Mais avec un coût de lancement estimé à l’origine à 80 millions d’euros pour un satellite, là où SpaceX a cassé les prix à moins de 50 millions de dollars, la vie commerciale d’Ariane 6 semble mal engagée. Les perspectives de tirs ont été ramenées de dix à sept par an, 30% de moins que lors du lancement du projet en 2014. ArianeGroup a donc été contraint de se lancer dans une chasse aux coûts sans précédents pour rendre son futur lanceur lourd plus compétitif, en attendant l’arrivée d’une fusée réutilisable. Pour ne rien arranger, le tir inaugural d’Ariane 6, initialement prévu en 2020, a été reporté au deuxième trimestre 2022 en raison de difficultés techniques aggravées par les conséquences de la crise sanitaire.

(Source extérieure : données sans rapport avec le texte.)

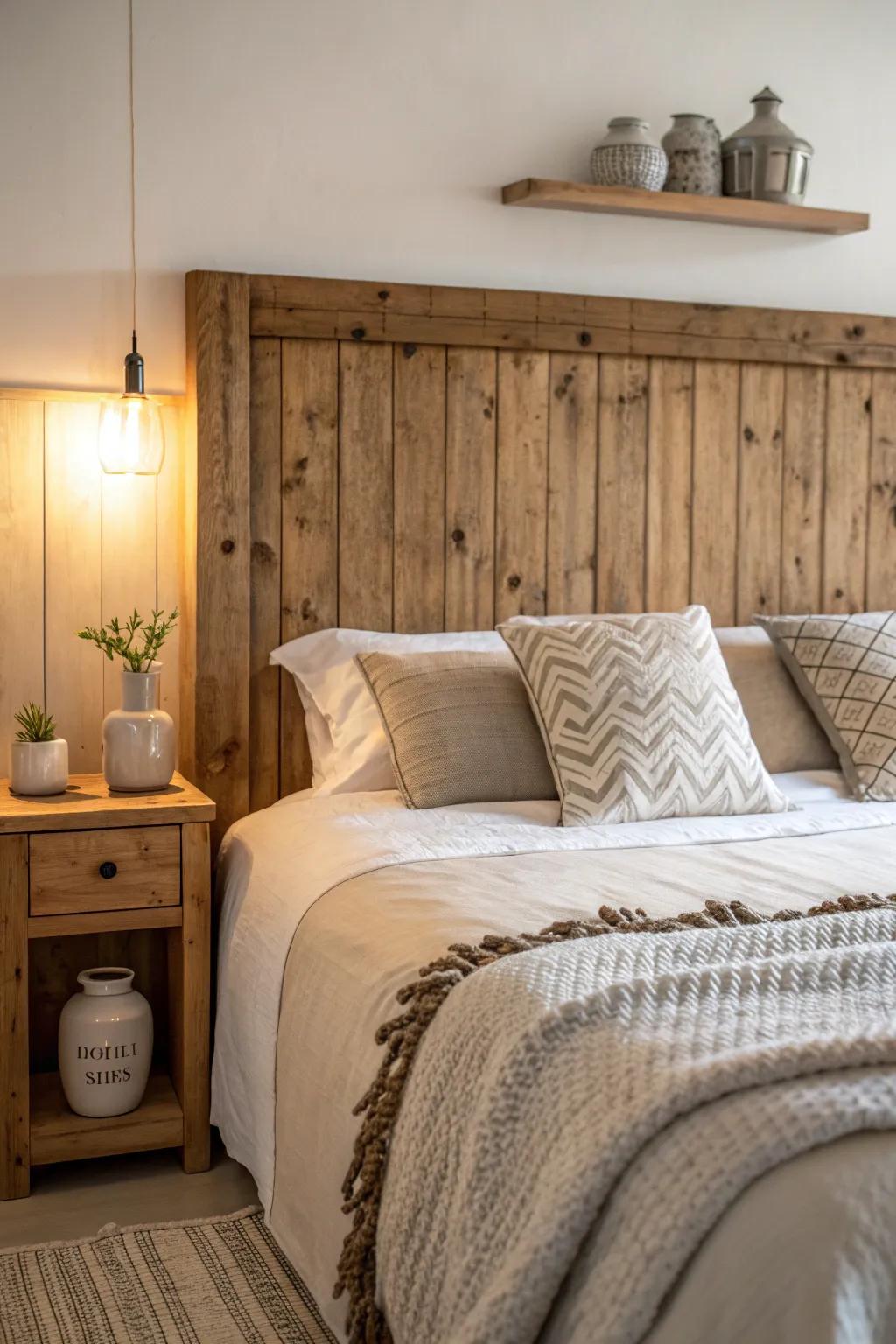 Transform your bedroom with a unique headboard that makes a statement. 🛏️ #DIYHeadboard #BedroomDecor #RusticCharm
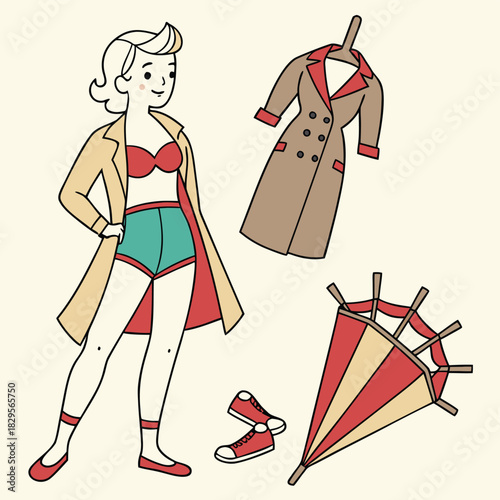 Retro cartoon paper doll woman with trench coat, umbrella, and sneakers.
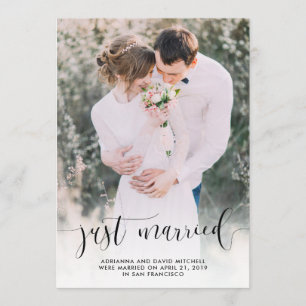 Just Married   Wedding Photo Elopement Announcement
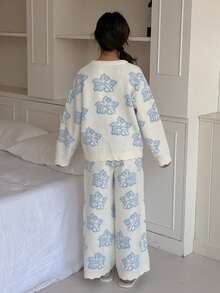 DAZY 2 Stücke Tween Mädchen Blumen Strick Loose Langarm Oberteil und Hose Set, Herbst/Winter Pyjamas für Tween Mädchen Frühling - Beige - Übersicht 5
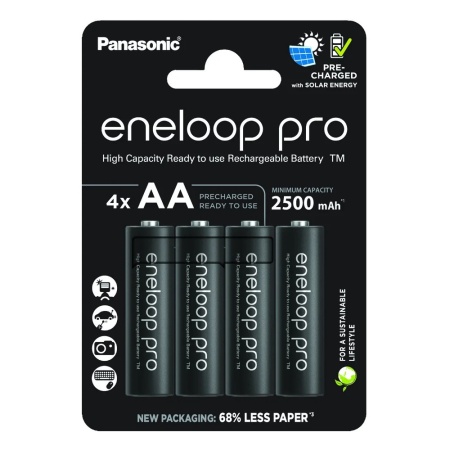 Set 4 baterii reincarcabile Panasonic Eneloop PRO New, 2500mAh, 2500mAh BK-3HCDE/4BE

Transfert du moteur Vinci en Allemagne

Pis, la production du fameux moteur réallumable de l’étage supérieur Vinci qui équipera Ariane 6 va être transférée de l’usine française de Vernon (Eure) vers le site allemand d’Ottobrunn (Bavière). «Cette décision n’a rien à voir avec le plan de départs volontaires, c’est la conséquence de l’accord franco-allemand conclu en juillet», précise la porte-parole d’ArianeGroup. En échange de sa contribution aux côtés de la France à une nouvelle ligne de financement de 140 millions d’euros pour assurer la viabilité économique d’Ariane 6, l’Allemagne réclamait en effet ce transfert du moteur Vinci sur ses terres. Vernon perdra «40 000 heures de travail annuel» soit environ 40 emplois sur 950, prévoit Philippe Géry de la CFE-CGC. Et de craindre qu’après Vinci, les Allemands réclament la production du futur moteur Prometheus qui doit équiper le futur lanceur réutilisable d’Ariane. Pour lui, ce serait «la fin de l’usine de Vernon à plus long terme».